# Description of the task
A verbatim copy of every record is required, and no pictures should be included.

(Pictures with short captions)
== Segment start ==

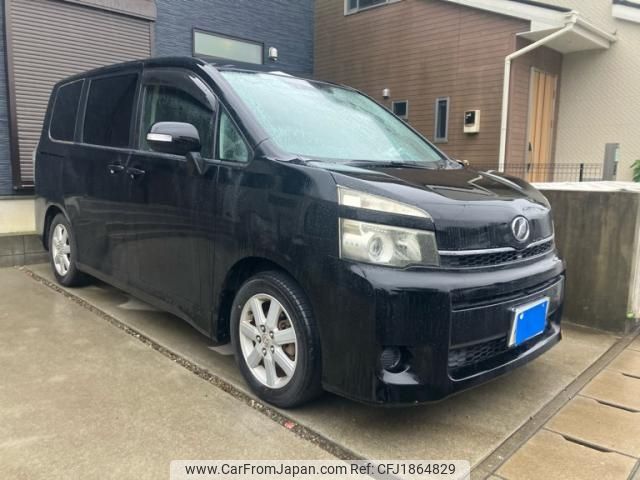 toyota voxy 2011 CFJ1864829 image 2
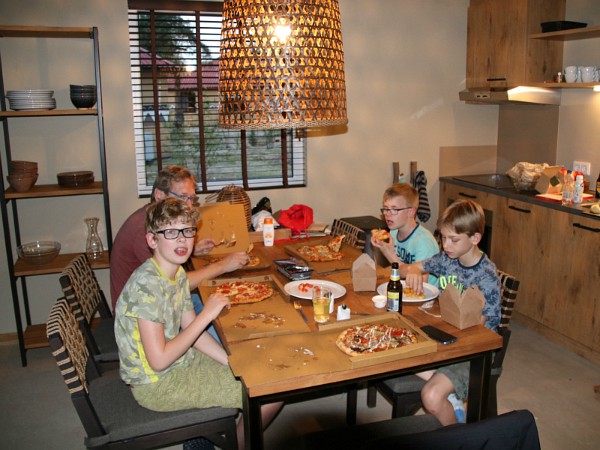 Pizza eten in de lodge bij Safari Resort Beekse Bergen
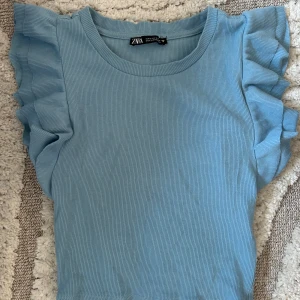 Blå topp med volanger - sötaste toppen!!!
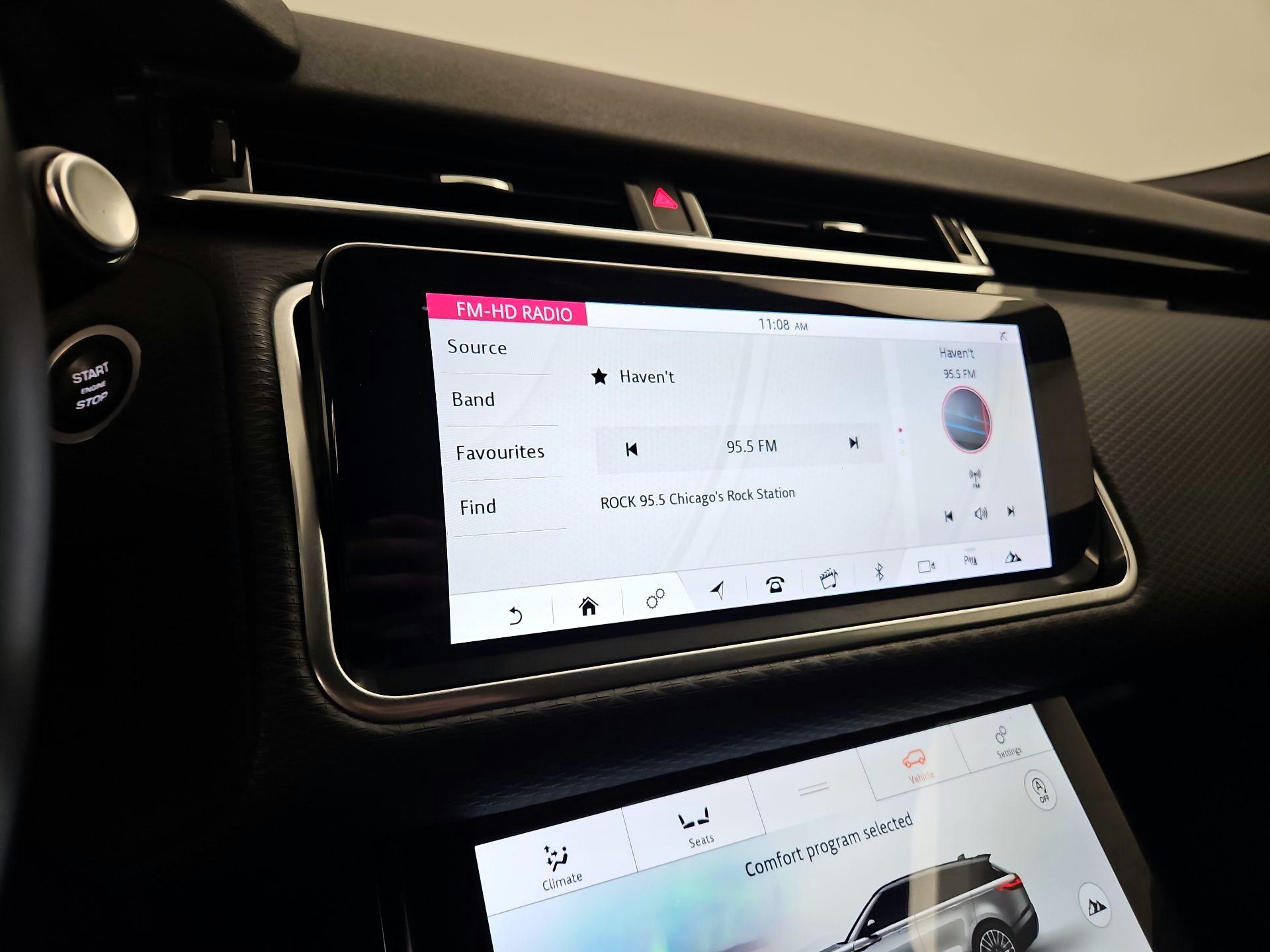 Thumbnail: 2020 Land Rover Range Rover Velar - 16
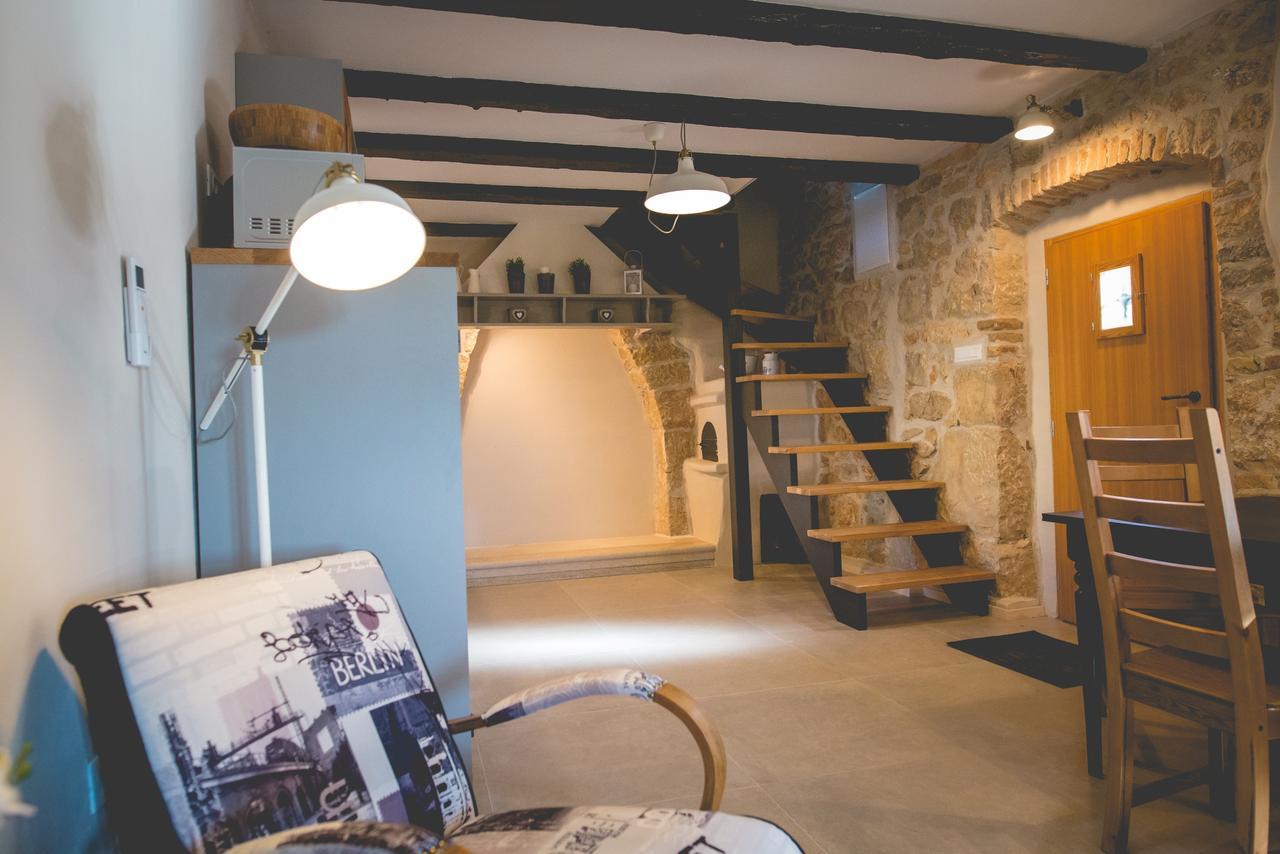 Holiday Home Jela Dobrinj Εξωτερικό φωτογραφία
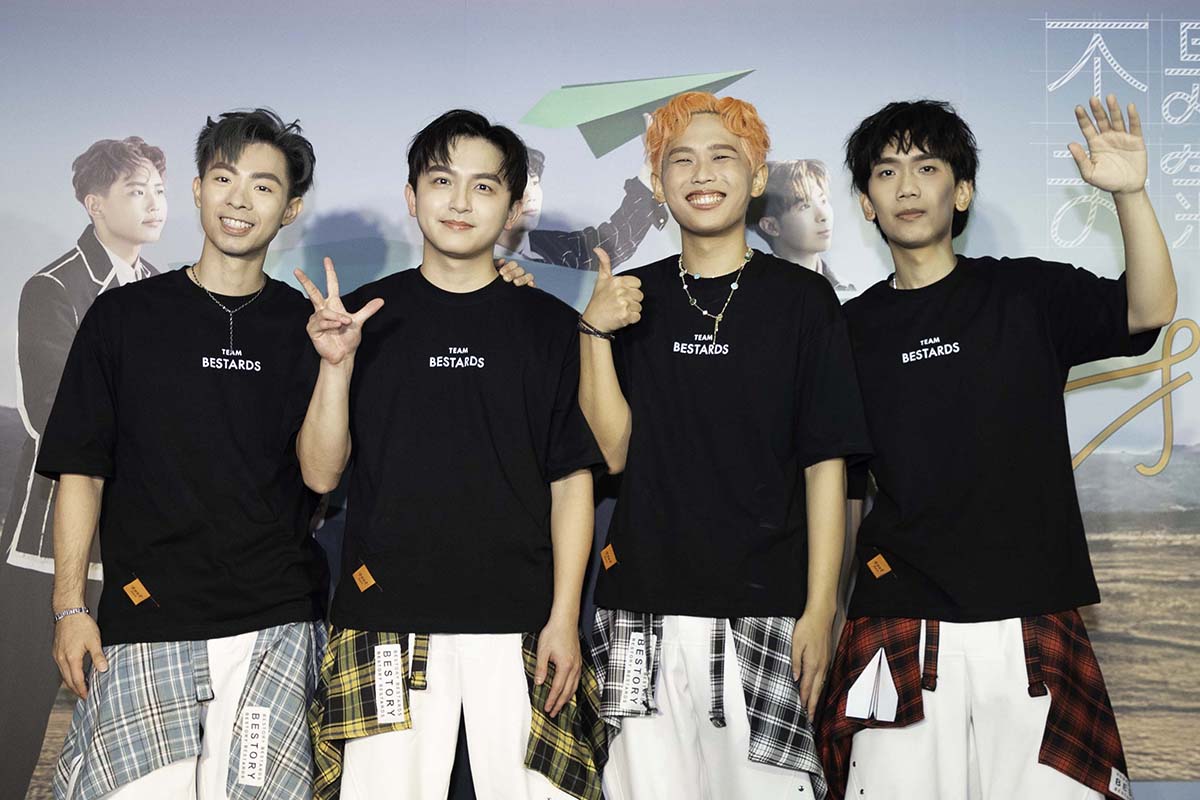 【車勢星聞】影音／理想混蛋台北小巨蛋演唱會圓滿落幕，宣布將邁向高雄巨蛋開唱。（圖：何樂音樂提供）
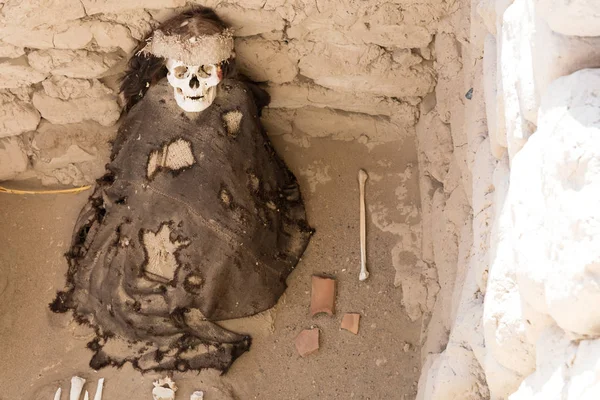Kosti Otevřené Inca Hřbitově Nazca Regionu Peru — Stock fotografie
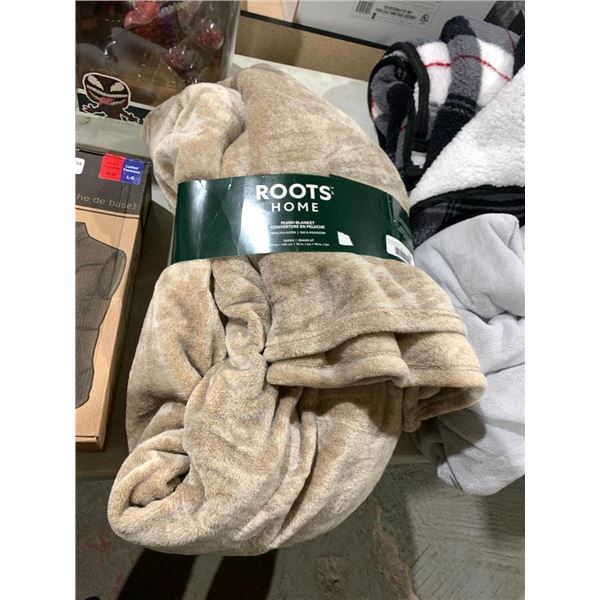Roots Home Plush Blanket Queen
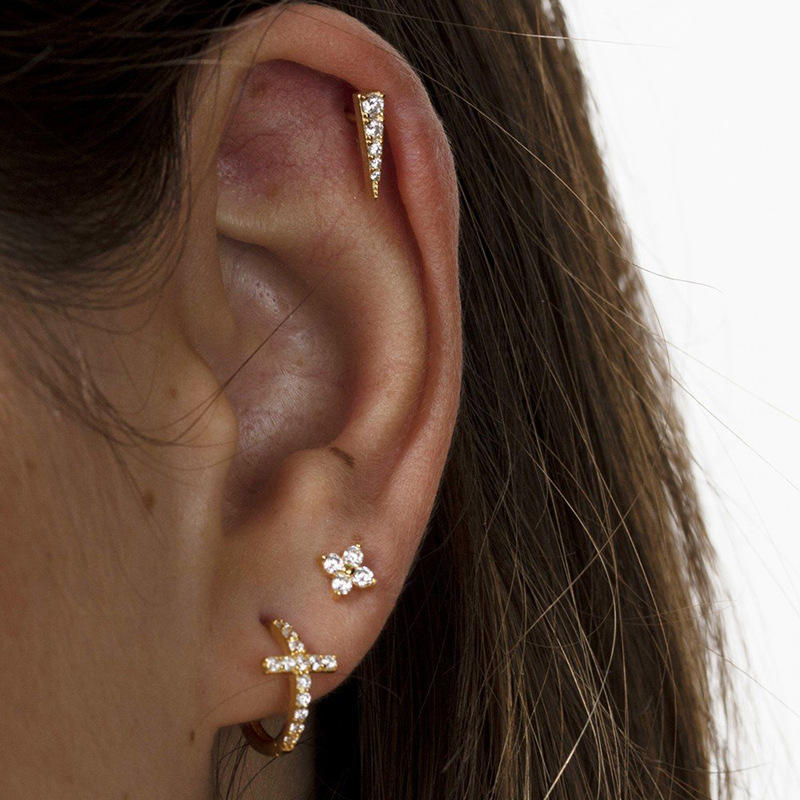 Style Simple Traverser Le Cuivre Des Boucles D'oreilles Incruster Zircon Boucles D'oreilles En Cuivre display picture 2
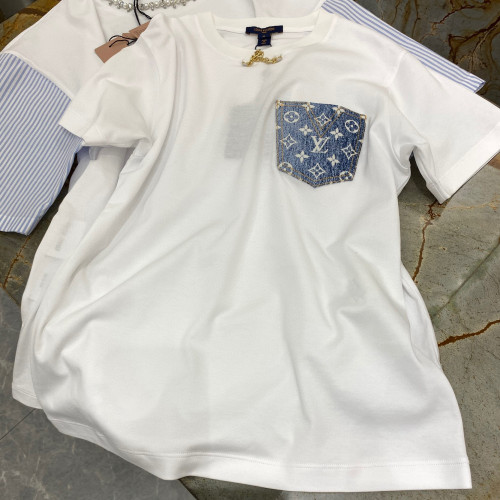 Louis Vuitton Women's Monogram Pocket T-Shirt #nigo53534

== Segment end ==

# The completed task
 toyota voxy 2011 CFJ1864829 image 2
 Pizza eten in de lodge bij Safari Resort Beekse Bergen
 Blå topp med volanger - sötaste toppen!!!
 Thumbnail: 2020 Land Rover Range Rover Velar - 16
 Holiday Home Jela Dobrinj Εξωτερικό φωτογραφία
 【車勢星聞】影音／理想混蛋台北小巨蛋演唱會圓滿落幕，宣布將邁向高雄巨蛋開唱。（圖：何樂音樂提供）
Kosti Otevřené Inca Hřbitově Nazca Regionu Peru — Stock fotografie
Roots Home Plush Blanket Queen
 Style Simple Traverser Le Cuivre Des Boucles D'oreilles Incruster Zircon Boucles D'oreilles En Cuivre display picture 2
 Louis Vuitton Women's Monogram Pocket T-Shirt #nigo53534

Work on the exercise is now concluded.